── RECORDS FOR PROCESSING ──
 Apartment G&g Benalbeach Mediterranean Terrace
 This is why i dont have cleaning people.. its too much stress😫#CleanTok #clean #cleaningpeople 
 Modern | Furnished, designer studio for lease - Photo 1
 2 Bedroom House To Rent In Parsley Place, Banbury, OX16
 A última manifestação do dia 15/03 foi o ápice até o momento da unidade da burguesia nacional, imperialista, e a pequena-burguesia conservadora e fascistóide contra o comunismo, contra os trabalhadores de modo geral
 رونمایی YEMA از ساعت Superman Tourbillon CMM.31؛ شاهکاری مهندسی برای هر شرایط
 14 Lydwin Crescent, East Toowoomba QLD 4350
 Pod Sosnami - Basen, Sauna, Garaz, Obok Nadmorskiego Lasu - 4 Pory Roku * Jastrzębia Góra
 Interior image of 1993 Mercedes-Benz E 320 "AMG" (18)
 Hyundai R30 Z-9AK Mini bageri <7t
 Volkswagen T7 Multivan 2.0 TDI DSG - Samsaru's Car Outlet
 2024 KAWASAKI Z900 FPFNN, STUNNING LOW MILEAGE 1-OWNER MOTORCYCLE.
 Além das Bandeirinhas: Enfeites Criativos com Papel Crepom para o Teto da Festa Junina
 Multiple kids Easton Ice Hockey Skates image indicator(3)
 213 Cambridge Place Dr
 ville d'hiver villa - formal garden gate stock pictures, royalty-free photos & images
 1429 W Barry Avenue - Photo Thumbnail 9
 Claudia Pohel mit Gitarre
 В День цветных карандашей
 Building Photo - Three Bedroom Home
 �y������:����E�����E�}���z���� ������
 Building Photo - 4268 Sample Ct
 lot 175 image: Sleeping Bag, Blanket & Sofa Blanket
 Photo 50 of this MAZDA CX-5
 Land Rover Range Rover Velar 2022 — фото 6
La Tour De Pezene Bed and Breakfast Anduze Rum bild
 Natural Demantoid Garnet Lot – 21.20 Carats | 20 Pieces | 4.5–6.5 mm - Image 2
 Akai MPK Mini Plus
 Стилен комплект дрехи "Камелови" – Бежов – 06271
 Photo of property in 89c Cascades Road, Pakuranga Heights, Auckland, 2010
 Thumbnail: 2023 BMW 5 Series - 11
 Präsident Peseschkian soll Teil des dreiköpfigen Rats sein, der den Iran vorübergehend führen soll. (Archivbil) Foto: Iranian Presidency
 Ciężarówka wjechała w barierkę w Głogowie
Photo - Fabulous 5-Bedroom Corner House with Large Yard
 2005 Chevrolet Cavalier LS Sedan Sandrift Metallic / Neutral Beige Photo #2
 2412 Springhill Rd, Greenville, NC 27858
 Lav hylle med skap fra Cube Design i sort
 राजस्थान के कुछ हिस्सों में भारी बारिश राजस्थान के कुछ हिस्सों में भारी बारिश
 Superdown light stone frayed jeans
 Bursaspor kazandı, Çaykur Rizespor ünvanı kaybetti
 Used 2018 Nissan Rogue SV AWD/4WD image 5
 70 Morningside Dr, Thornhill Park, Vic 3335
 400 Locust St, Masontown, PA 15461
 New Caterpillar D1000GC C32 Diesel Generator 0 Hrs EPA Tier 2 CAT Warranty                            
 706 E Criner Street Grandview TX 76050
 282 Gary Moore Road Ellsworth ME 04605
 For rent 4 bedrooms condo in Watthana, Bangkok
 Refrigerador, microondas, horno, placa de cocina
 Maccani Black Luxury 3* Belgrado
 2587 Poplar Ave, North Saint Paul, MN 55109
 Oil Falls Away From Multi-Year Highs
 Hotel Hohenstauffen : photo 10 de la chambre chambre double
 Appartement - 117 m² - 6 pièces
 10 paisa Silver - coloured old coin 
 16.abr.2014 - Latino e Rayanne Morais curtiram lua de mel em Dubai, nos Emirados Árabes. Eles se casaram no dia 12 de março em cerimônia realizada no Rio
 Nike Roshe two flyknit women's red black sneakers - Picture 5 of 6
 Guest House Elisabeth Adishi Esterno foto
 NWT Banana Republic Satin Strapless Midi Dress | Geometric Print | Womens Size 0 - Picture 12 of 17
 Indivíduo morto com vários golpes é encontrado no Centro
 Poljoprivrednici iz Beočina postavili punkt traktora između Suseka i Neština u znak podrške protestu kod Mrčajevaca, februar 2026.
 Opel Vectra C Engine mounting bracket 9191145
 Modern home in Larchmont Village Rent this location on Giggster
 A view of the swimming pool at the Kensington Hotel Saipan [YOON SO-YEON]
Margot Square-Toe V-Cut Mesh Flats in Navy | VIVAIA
───
EXERCISE DIRECTIONS
Everything from the line with "Interior image of" through the line with "10 paisa Silver - coloured old coin" should be written out exactly as it appears above, end lines included, and nothing outside that range.

SOLUTION
 Interior image of 1993 Mercedes-Benz E 320 "AMG" (18)
 Hyundai R30 Z-9AK Mini bageri <7t
 Volkswagen T7 Multivan 2.0 TDI DSG - Samsaru's Car Outlet
 2024 KAWASAKI Z900 FPFNN, STUNNING LOW MILEAGE 1-OWNER MOTORCYCLE.
 Além das Bandeirinhas: Enfeites Criativos com Papel Crepom para o Teto da Festa Junina
 Multiple kids Easton Ice Hockey Skates image indicator(3)
 213 Cambridge Place Dr
 ville d'hiver villa - formal garden gate stock pictures, royalty-free photos & images
 1429 W Barry Avenue - Photo Thumbnail 9
 Claudia Pohel mit Gitarre
 В День цветных карандашей
 Building Photo - Three Bedroom Home
 �y������:����E�����E�}���z���� ������
 Building Photo - 4268 Sample Ct
 lot 175 image: Sleeping Bag, Blanket & Sofa Blanket
 Photo 50 of this MAZDA CX-5
 Land Rover Range Rover Velar 2022 — фото 6
La Tour De Pezene Bed and Breakfast Anduze Rum bild
 Natural Demantoid Garnet Lot – 21.20 Carats | 20 Pieces | 4.5–6.5 mm - Image 2
 Akai MPK Mini Plus
 Стилен комплект дрехи "Камелови" – Бежов – 06271
 Photo of property in 89c Cascades Road, Pakuranga Heights, Auckland, 2010
 Thumbnail: 2023 BMW 5 Series - 11
 Präsident Peseschkian soll Teil des dreiköpfigen Rats sein, der den Iran vorübergehend führen soll. (Archivbil) Foto: Iranian Presidency
 Ciężarówka wjechała w barierkę w Głogowie
Photo - Fabulous 5-Bedroom Corner House with Large Yard
 2005 Chevrolet Cavalier LS Sedan Sandrift Metallic / Neutral Beige Photo #2
 2412 Springhill Rd, Greenville, NC 27858
 Lav hylle med skap fra Cube Design i sort
 राजस्थान के कुछ हिस्सों में भारी बारिश राजस्थान के कुछ हिस्सों में भारी बारिश
 Superdown light stone frayed jeans
 Bursaspor kazandı, Çaykur Rizespor ünvanı kaybetti
 Used 2018 Nissan Rogue SV AWD/4WD image 5
 70 Morningside Dr, Thornhill Park, Vic 3335
 400 Locust St, Masontown, PA 15461
 New Caterpillar D1000GC C32 Diesel Generator 0 Hrs EPA Tier 2 CAT Warranty                            
 706 E Criner Street Grandview TX 76050
 282 Gary Moore Road Ellsworth ME 04605
 For rent 4 bedrooms condo in Watthana, Bangkok
 Refrigerador, microondas, horno, placa de cocina
 Maccani Black Luxury 3* Belgrado
 2587 Poplar Ave, North Saint Paul, MN 55109
 Oil Falls Away From Multi-Year Highs
 Hotel Hohenstauffen : photo 10 de la chambre chambre double
 Appartement - 117 m² - 6 pièces
 10 paisa Silver - coloured old coin 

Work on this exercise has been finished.